#### EXERCISE INSTRUCTIONS:
Character for character, reproduce every entry below.

(Brief descriptive captions)
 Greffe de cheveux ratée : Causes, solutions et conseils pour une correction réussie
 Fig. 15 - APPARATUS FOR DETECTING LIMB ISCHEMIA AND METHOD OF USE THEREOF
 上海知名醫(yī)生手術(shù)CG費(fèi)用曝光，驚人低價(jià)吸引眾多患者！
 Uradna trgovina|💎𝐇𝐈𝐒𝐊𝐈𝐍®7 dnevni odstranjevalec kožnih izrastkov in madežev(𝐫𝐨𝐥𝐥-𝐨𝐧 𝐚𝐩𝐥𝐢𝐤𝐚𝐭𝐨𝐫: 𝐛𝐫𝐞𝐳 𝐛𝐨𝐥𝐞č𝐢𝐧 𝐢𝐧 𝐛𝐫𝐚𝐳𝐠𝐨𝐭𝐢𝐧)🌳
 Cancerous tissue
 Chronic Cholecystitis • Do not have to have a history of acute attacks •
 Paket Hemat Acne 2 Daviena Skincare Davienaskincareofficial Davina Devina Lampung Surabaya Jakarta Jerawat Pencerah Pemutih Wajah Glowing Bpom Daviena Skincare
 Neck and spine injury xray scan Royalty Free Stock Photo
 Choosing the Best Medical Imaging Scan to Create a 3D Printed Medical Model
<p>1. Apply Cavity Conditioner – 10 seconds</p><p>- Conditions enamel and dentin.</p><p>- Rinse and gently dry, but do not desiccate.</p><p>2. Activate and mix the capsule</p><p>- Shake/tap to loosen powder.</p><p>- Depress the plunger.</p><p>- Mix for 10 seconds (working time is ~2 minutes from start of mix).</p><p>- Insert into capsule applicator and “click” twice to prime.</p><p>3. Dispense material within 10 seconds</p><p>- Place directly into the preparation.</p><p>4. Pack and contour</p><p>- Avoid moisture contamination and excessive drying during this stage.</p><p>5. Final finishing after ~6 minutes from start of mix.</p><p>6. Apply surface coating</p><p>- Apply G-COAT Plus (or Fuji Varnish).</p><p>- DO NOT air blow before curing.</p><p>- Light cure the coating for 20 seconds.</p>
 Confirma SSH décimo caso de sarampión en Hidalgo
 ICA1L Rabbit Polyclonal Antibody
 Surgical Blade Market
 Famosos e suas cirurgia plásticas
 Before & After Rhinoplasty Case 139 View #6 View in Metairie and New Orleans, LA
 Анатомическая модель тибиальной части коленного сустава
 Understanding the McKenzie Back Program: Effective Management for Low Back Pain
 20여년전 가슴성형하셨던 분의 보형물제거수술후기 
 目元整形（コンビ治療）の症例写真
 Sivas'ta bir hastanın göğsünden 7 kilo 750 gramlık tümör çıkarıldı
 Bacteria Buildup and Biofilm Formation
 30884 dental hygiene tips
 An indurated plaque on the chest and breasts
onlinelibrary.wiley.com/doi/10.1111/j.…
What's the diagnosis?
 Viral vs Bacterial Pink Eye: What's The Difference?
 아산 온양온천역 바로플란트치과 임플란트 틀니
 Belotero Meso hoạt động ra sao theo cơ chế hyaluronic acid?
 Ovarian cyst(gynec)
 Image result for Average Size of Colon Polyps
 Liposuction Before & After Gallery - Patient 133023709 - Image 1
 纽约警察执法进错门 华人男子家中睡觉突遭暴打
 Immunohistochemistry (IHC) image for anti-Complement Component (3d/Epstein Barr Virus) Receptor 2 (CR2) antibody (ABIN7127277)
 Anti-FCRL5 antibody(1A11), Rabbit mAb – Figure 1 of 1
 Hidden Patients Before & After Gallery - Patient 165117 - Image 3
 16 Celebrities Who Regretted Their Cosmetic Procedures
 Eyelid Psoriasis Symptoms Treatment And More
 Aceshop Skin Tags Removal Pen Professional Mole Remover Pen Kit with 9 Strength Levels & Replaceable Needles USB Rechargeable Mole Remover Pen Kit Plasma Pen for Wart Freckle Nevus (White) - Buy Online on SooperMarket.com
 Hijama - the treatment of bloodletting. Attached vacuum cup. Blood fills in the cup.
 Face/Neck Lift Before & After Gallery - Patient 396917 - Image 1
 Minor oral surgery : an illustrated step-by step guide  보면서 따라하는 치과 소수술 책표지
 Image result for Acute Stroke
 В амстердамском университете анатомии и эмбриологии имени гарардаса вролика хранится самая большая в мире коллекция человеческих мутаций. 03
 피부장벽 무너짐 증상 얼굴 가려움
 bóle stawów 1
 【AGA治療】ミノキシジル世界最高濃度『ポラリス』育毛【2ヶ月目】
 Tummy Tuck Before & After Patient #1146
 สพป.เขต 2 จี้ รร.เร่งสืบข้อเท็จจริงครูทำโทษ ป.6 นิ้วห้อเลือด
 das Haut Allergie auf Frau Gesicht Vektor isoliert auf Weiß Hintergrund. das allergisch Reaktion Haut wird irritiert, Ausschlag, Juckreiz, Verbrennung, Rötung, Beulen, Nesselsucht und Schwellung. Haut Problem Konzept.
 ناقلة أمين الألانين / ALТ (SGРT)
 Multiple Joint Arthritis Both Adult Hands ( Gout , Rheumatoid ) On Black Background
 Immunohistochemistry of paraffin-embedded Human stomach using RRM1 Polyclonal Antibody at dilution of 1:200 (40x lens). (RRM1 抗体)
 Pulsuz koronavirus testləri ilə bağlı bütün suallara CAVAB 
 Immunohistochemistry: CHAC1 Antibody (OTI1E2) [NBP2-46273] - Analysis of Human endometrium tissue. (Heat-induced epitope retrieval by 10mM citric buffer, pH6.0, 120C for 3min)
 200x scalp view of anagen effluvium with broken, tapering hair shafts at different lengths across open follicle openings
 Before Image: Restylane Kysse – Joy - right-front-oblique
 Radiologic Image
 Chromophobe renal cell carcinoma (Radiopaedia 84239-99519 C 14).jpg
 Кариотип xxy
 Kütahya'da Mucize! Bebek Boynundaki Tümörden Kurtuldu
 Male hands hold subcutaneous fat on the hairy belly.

#### REPLY:
 Greffe de cheveux ratée : Causes, solutions et conseils pour une correction réussie
 Fig. 15 - APPARATUS FOR DETECTING LIMB ISCHEMIA AND METHOD OF USE THEREOF
 上海知名醫(yī)生手術(shù)CG費(fèi)用曝光，驚人低價(jià)吸引眾多患者！
 Uradna trgovina|💎𝐇𝐈𝐒𝐊𝐈𝐍®7 dnevni odstranjevalec kožnih izrastkov in madežev(𝐫𝐨𝐥𝐥-𝐨𝐧 𝐚𝐩𝐥𝐢𝐤𝐚𝐭𝐨𝐫: 𝐛𝐫𝐞𝐳 𝐛𝐨𝐥𝐞č𝐢𝐧 𝐢𝐧 𝐛𝐫𝐚𝐳𝐠𝐨𝐭𝐢𝐧)🌳
 Cancerous tissue
 Chronic Cholecystitis • Do not have to have a history of acute attacks •
 Paket Hemat Acne 2 Daviena Skincare Davienaskincareofficial Davina Devina Lampung Surabaya Jakarta Jerawat Pencerah Pemutih Wajah Glowing Bpom Daviena Skincare
 Neck and spine injury xray scan Royalty Free Stock Photo
 Choosing the Best Medical Imaging Scan to Create a 3D Printed Medical Model
<p>1. Apply Cavity Conditioner – 10 seconds</p><p>- Conditions enamel and dentin.</p><p>- Rinse and gently dry, but do not desiccate.</p><p>2. Activate and mix the capsule</p><p>- Shake/tap to loosen powder.</p><p>- Depress the plunger.</p><p>- Mix for 10 seconds (working time is ~2 minutes from start of mix).</p><p>- Insert into capsule applicator and “click” twice to prime.</p><p>3. Dispense material within 10 seconds</p><p>- Place directly into the preparation.</p><p>4. Pack and contour</p><p>- Avoid moisture contamination and excessive drying during this stage.</p><p>5. Final finishing after ~6 minutes from start of mix.</p><p>6. Apply surface coating</p><p>- Apply G-COAT Plus (or Fuji Varnish).</p><p>- DO NOT air blow before curing.</p><p>- Light cure the coating for 20 seconds.</p>
 Confirma SSH décimo caso de sarampión en Hidalgo
 ICA1L Rabbit Polyclonal Antibody
 Surgical Blade Market
 Famosos e suas cirurgia plásticas
 Before & After Rhinoplasty Case 139 View #6 View in Metairie and New Orleans, LA
 Анатомическая модель тибиальной части коленного сустава
 Understanding the McKenzie Back Program: Effective Management for Low Back Pain
 20여년전 가슴성형하셨던 분의 보형물제거수술후기 
 目元整形（コンビ治療）の症例写真
 Sivas'ta bir hastanın göğsünden 7 kilo 750 gramlık tümör çıkarıldı
 Bacteria Buildup and Biofilm Formation
 30884 dental hygiene tips
 An indurated plaque on the chest and breasts
onlinelibrary.wiley.com/doi/10.1111/j.…
What's the diagnosis?
 Viral vs Bacterial Pink Eye: What's The Difference?
 아산 온양온천역 바로플란트치과 임플란트 틀니
 Belotero Meso hoạt động ra sao theo cơ chế hyaluronic acid?
 Ovarian cyst(gynec)
 Image result for Average Size of Colon Polyps
 Liposuction Before & After Gallery - Patient 133023709 - Image 1
 纽约警察执法进错门 华人男子家中睡觉突遭暴打
 Immunohistochemistry (IHC) image for anti-Complement Component (3d/Epstein Barr Virus) Receptor 2 (CR2) antibody (ABIN7127277)
 Anti-FCRL5 antibody(1A11), Rabbit mAb – Figure 1 of 1
 Hidden Patients Before & After Gallery - Patient 165117 - Image 3
 16 Celebrities Who Regretted Their Cosmetic Procedures
 Eyelid Psoriasis Symptoms Treatment And More
 Aceshop Skin Tags Removal Pen Professional Mole Remover Pen Kit with 9 Strength Levels & Replaceable Needles USB Rechargeable Mole Remover Pen Kit Plasma Pen for Wart Freckle Nevus (White) - Buy Online on SooperMarket.com
 Hijama - the treatment of bloodletting. Attached vacuum cup. Blood fills in the cup.
 Face/Neck Lift Before & After Gallery - Patient 396917 - Image 1
 Minor oral surgery : an illustrated step-by step guide  보면서 따라하는 치과 소수술 책표지
 Image result for Acute Stroke
 В амстердамском университете анатомии и эмбриологии имени гарардаса вролика хранится самая большая в мире коллекция человеческих мутаций. 03
 피부장벽 무너짐 증상 얼굴 가려움
 bóle stawów 1
 【AGA治療】ミノキシジル世界最高濃度『ポラリス』育毛【2ヶ月目】
 Tummy Tuck Before & After Patient #1146
 สพป.เขต 2 จี้ รร.เร่งสืบข้อเท็จจริงครูทำโทษ ป.6 นิ้วห้อเลือด
 das Haut Allergie auf Frau Gesicht Vektor isoliert auf Weiß Hintergrund. das allergisch Reaktion Haut wird irritiert, Ausschlag, Juckreiz, Verbrennung, Rötung, Beulen, Nesselsucht und Schwellung. Haut Problem Konzept.
 ناقلة أمين الألانين / ALТ (SGРT)
 Multiple Joint Arthritis Both Adult Hands ( Gout , Rheumatoid ) On Black Background
 Immunohistochemistry of paraffin-embedded Human stomach using RRM1 Polyclonal Antibody at dilution of 1:200 (40x lens). (RRM1 抗体)
 Pulsuz koronavirus testləri ilə bağlı bütün suallara CAVAB 
 Immunohistochemistry: CHAC1 Antibody (OTI1E2) [NBP2-46273] - Analysis of Human endometrium tissue. (Heat-induced epitope retrieval by 10mM citric buffer, pH6.0, 120C for 3min)
 200x scalp view of anagen effluvium with broken, tapering hair shafts at different lengths across open follicle openings
 Before Image: Restylane Kysse – Joy - right-front-oblique
 Radiologic Image
 Chromophobe renal cell carcinoma (Radiopaedia 84239-99519 C 14).jpg
 Кариотип xxy
 Kütahya'da Mucize! Bebek Boynundaki Tümörden Kurtuldu
 Male hands hold subcutaneous fat on the hairy belly.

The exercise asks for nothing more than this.